*Task details:* Return, with both end lines included, exactly what the data below holds from the line with "Yunaking Plug in" through the line with "pokeballs set 3D Model", though not the pictures.

*Data:*
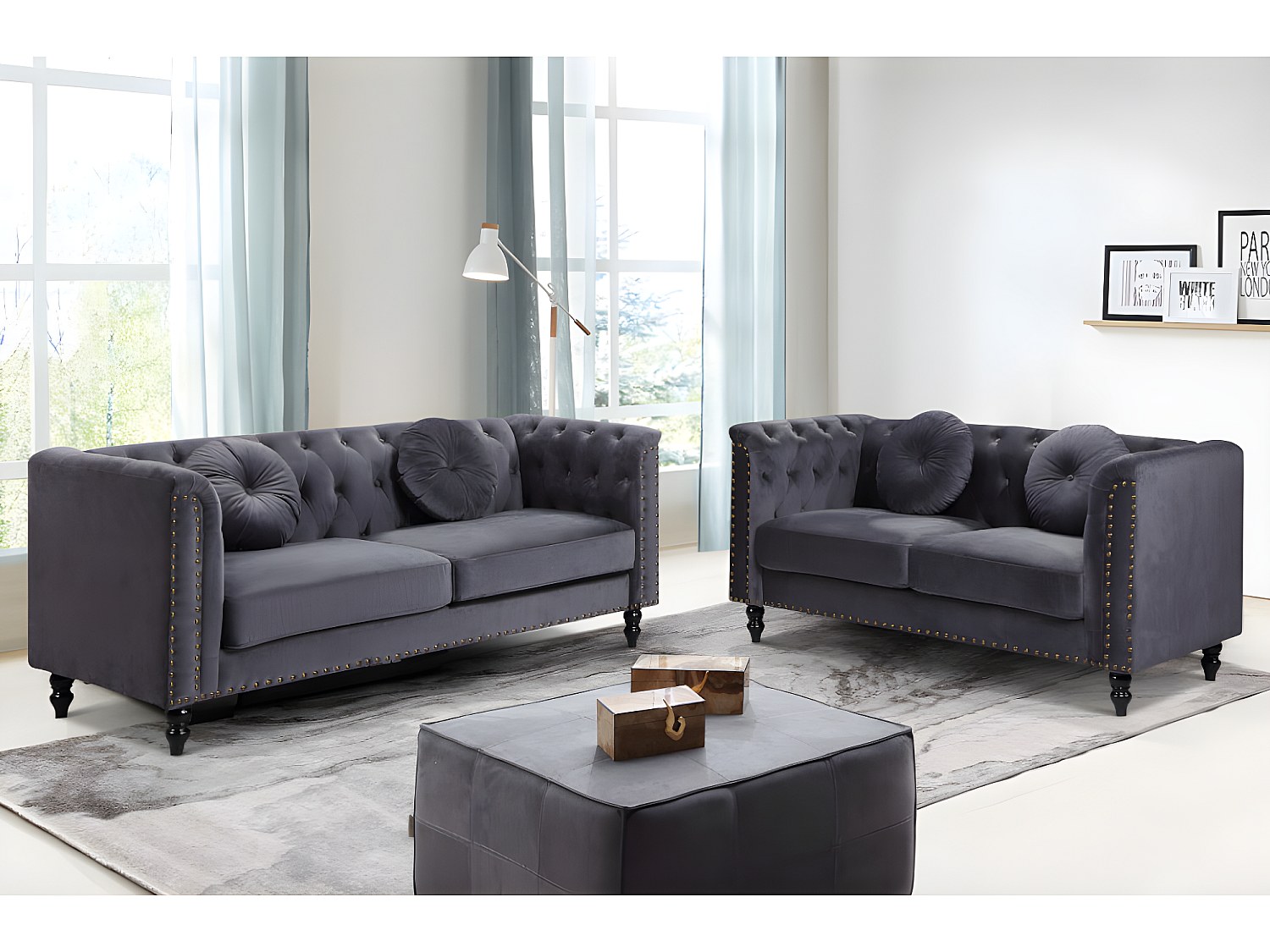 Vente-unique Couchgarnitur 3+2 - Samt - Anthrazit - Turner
--
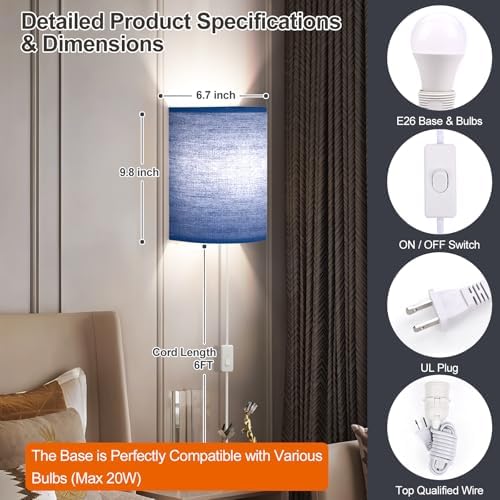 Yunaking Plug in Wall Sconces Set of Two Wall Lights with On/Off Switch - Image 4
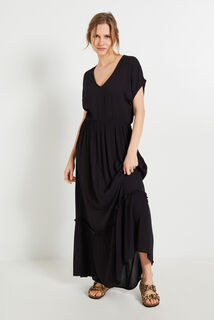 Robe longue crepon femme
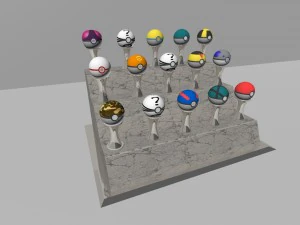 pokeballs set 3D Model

*Response to this exercise:*
 Yunaking Plug in Wall Sconces Set of Two Wall Lights with On/Off Switch - Image 4
 Robe longue crepon femme
 pokeballs set 3D Model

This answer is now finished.